In doing so, the Supreme Court has reformulated the approach a family court should take
when exercising its discretion to decide whether to order a child to
give live evidence in family proceedings. It removes the presumption or
starting point of the current test, which is rarely if ever rebutted,
that it is only in the exceptional case that a child should be so
called.

At issue in this case is the care of five children. The mother and
father at the relevant time were in a relationship and the father is
the biological parent of the four youngest children. A sixth child is
due to be born to the couple this month. The proceedings began in June
2009 when the eldest child, a 14 year old girl, alleged that her de
facto stepfather had seriously sexually abused her. All the children
were taken into foster care and the four younger children are having
supervised contact with both parents.

The father has since been charged with thirteen criminal offences and
is currently on bail awaiting trial. In the family proceedings the
parties originally agreed that there would be a fact finding hearing in
which the 14 year old girl would give evidence via a video link. The
judge however asked for further argument on whether she should do so.
The Local Authority, having had time to consider the material received
from the police, decided that they no longer wished to call the girl as
a witness.

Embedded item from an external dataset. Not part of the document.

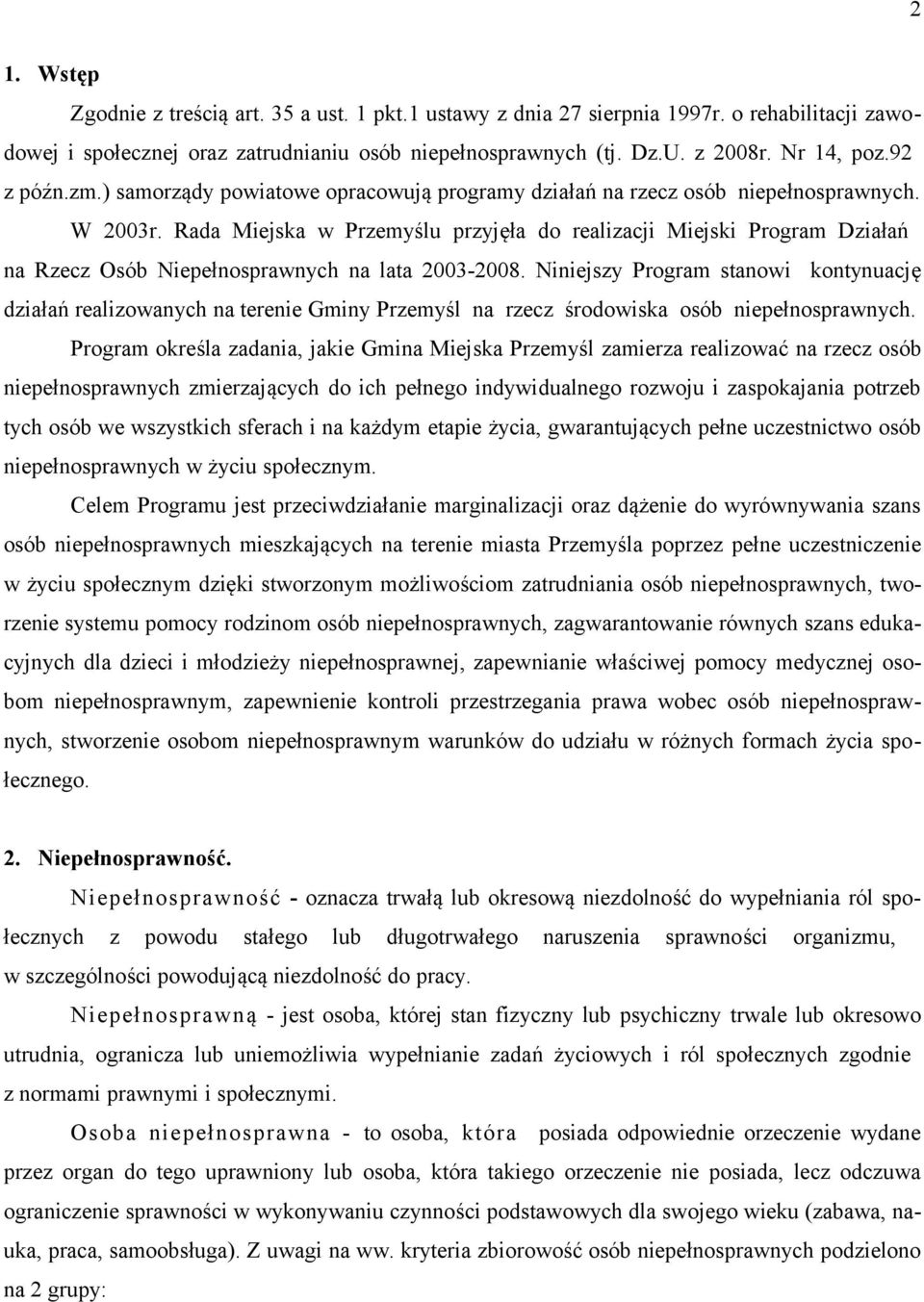 Rada Miejska w Przemyślu przyjęła do realizacji Miejski Program Działań na Rzecz Osób Niepełnosprawnych na lata 2003-2008.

In November 2009 the judge decided to refuse the father's
application for her to be called. Instead, she would rely on the other
evidence, including a video-recorded interview with the child.

The Court of Appeal dismissed the father's appeal. They did, however,
express some concern about the test laid down in previous decisions of
that court and suggested that the matter might be considered by the
Family Justice Council. The father appealed to the Supreme Court.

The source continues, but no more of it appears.